Über Ica bewegte sich das Befreiungsheer schnell nach Huamanga (heute Ayacucho). Auf dem Weg war wieder eine Vorhut in einem Gefecht einige Dutzend Kilometer südlich der Stadt erfolgreich, was den Auszug der Offiziellen zur Folge hatte. Am 29. zogen die Chilenen und Argentinier in der Stadt ein, die auf Drängen von Álvarez de Arenales am 8. November ihre Unabhängigkeit erklärte. Er bewaffnete überall entlang seines Weges Freiwillige, die später montoneros (etwa Plänkler) genannt wurden, zum Guerillakrieg, da die Spanier nicht untätig bleiben würden.

Der Vizekönig beauftragte dem mit Pablo Morillo 1815 gekommenen Mariano Ricafort Palacín y Abarca, der sich in Arequipa aufhielt, mit einem Gegenfeldzug, der die befreiten Gebiete zurück unter spanische Kontrolle bringen sollte. Dazu verfügte Ricafort über eine den Republikanern ebenbürtige Truppe. Während Álvarez de Arenales nach Norden abbog und dem Tal des Río Mantaro folgte, wobei er die Soldaten des Gouverneurs von Huancavelica, den de la Pezuela beauftragt hatte, geschickt umging. Während dieser sich nach Norden zurückzog, rückten die Separatisten weiter vor und besetzten am 20. November Jauja, und eine Vorhut besiegte am 23. bei Tarma die Spanier endgültig. In den folgenden Tagen erklärten einige der befreiten Orte ihre Unabhängigkeit, aber am 29. war Ricafort in Huamanga, wo er die peruanischen Patrioten besiegte und anschließend blutig Strafgericht hielt. Die montoneros im Umland besiegte er am 2. Dezember und ließ diesmal sogar den Ort, der am heftigsten Widerstand geleistet hatte, exemplarisch niederbrennen.

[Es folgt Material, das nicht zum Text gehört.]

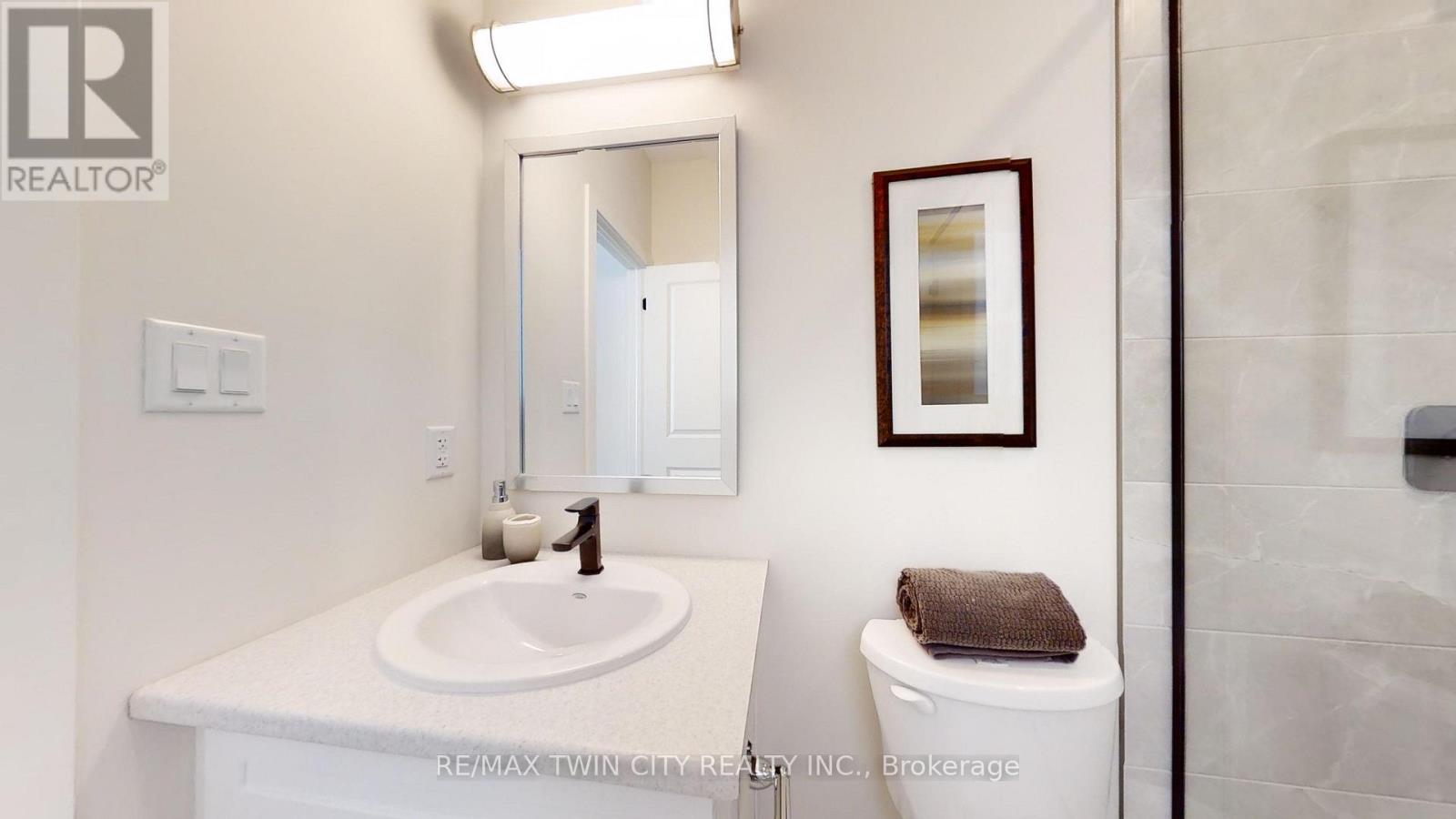 67 Julie Court, London South, Ontario  N5X 3X4 - Photo 7 - X12808522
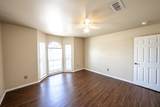 6717 89th Street - Photo 14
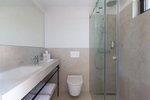 Bonaca Bluesun Holiday Village - pokoj Standard B, pohled bazén - Bol (ostrov Brač) - 101 CK Zemek - Chorvatsko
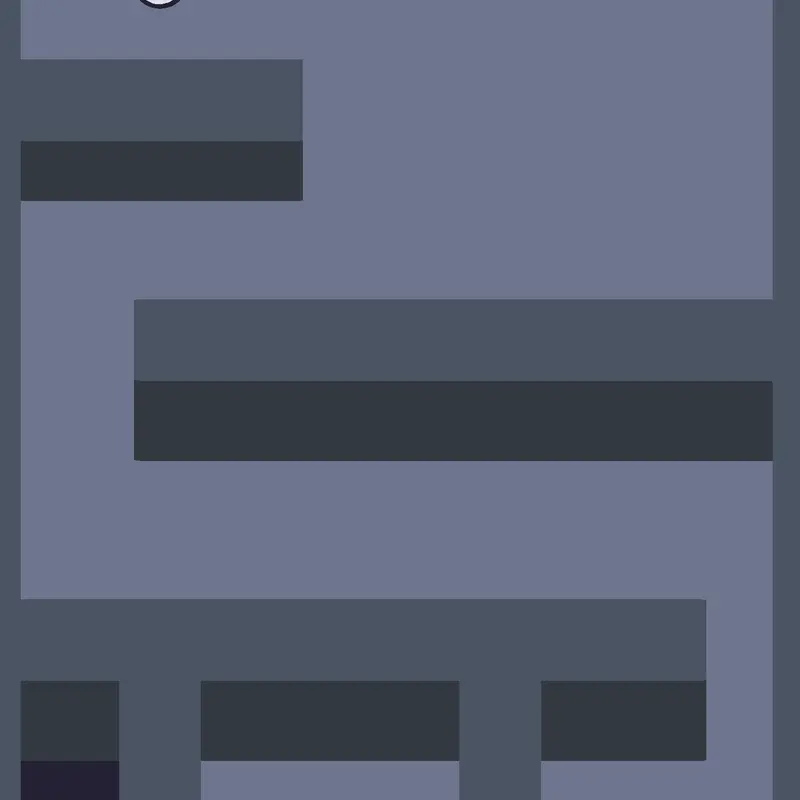 Game by @Gregvessel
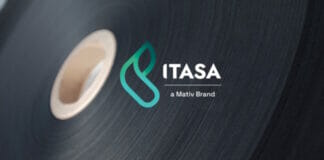 Itasa, Release Liner, Trägermaterial,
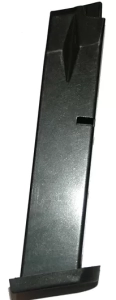 Ekol Fırat Magnum Voltran F92 Şarjör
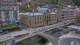 Bad Wildbad Fr. 10.4.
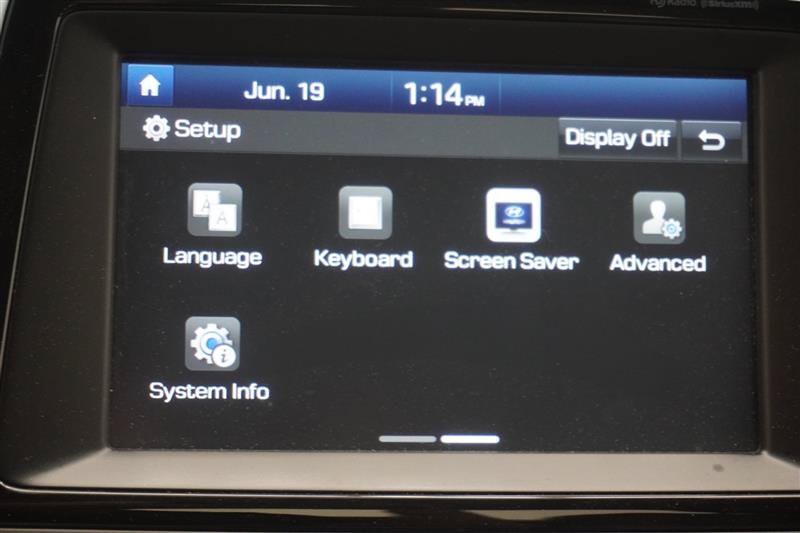 Used 2019 Hyundai Sonata SEL FWD image 31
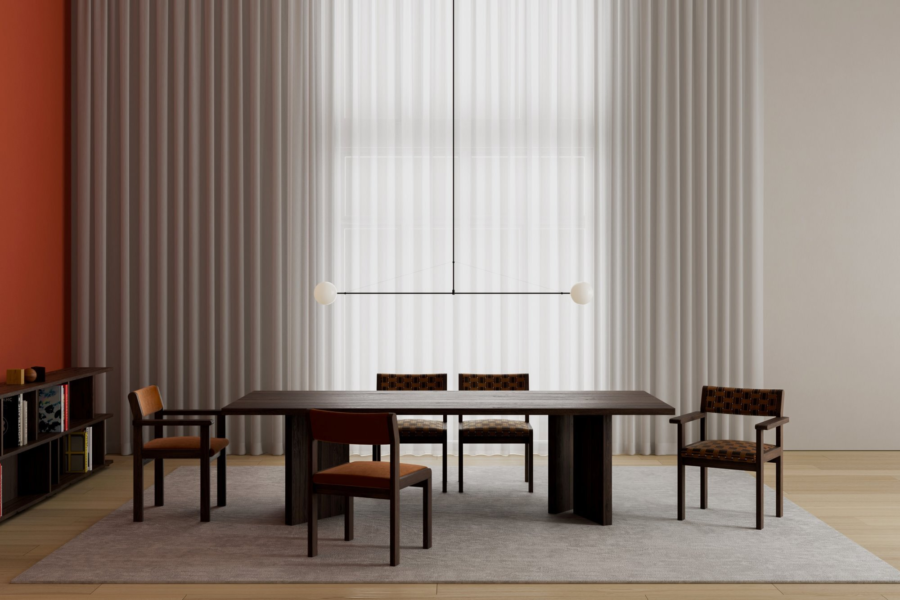 A04-News-E15-DT03-ALDE-TA26-KANAME-SH05-ARIE-Basel-Interiordesign-Innenarchitektur-Moebel-Basel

Álvarez de Arenales war inzwischen weiter nach Norden marschiert, um dem dritten Hindernis des Vizekönigs zu begegnen. In Cerro de Pasco, auf über 4300 Metern, schlug er eine numerisch leicht überlegene spanische Truppe am 6. Dezember und hielt damit seinen Auftrag für erledigt, da er ungeschlagen einen Feldzug durchs Hochland geführt und die Orte entlang seines Weges befreit und zum Widerstand angestachelt hatte. Auch wenn San Martín selbst zu spät den Befehl zur Umkehr gab, angesichts der Erfolge von Ricafort, hätte Álvarez de Arenales umkehren müssen, um sich dem Spanier zu stellen, da dieser große Teile seines Erfolges zunichtemachte.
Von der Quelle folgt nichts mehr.